**To do:**
Exactly as written, return every line of the data below apart from the pictures.

**Recorded data:**
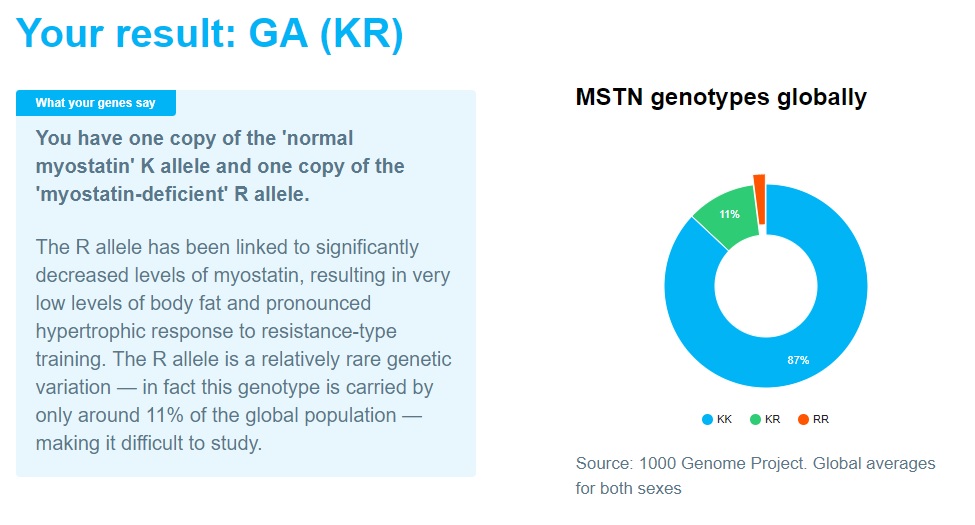 The explanation and global distribution of my A Gene for Hypertrophy result.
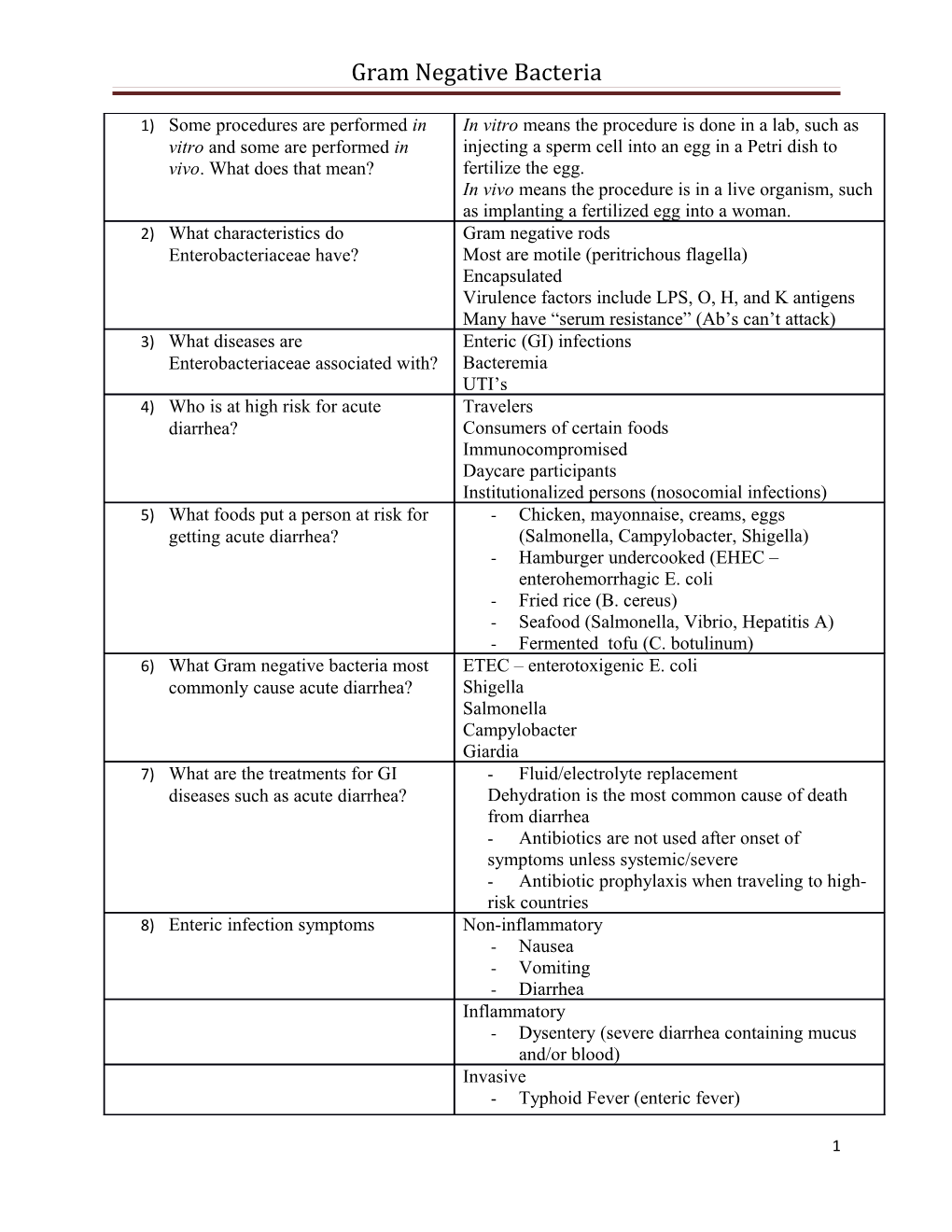 Gram Negative Bacteria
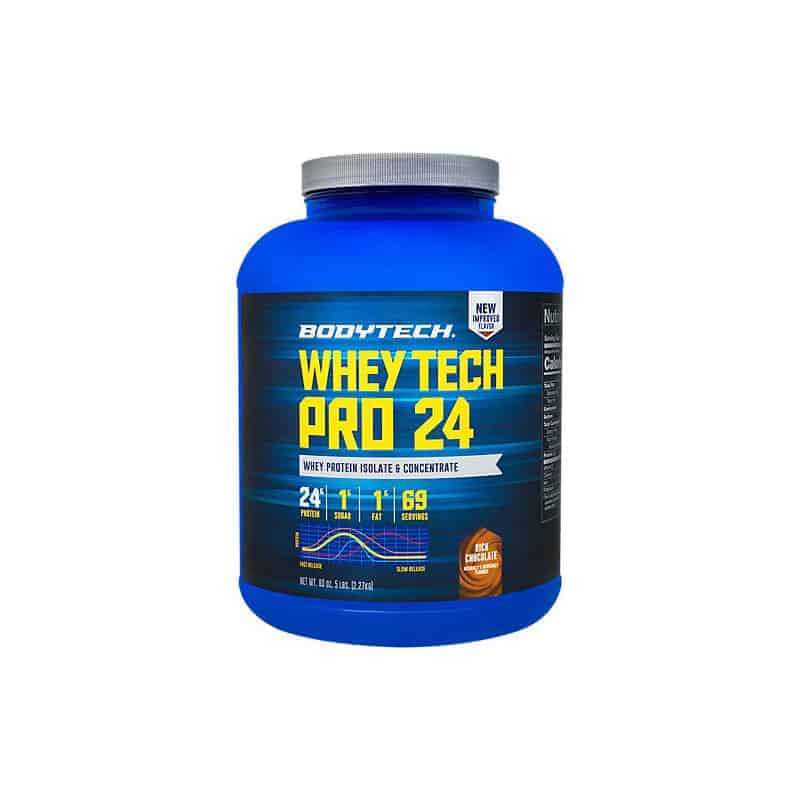 The Best Protein Powder Supplements 2020 RAVE Reviews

**Answer section:**
 The explanation and global distribution of my A Gene for Hypertrophy result.
 Gram Negative Bacteria
 The Best Protein Powder Supplements 2020 RAVE Reviews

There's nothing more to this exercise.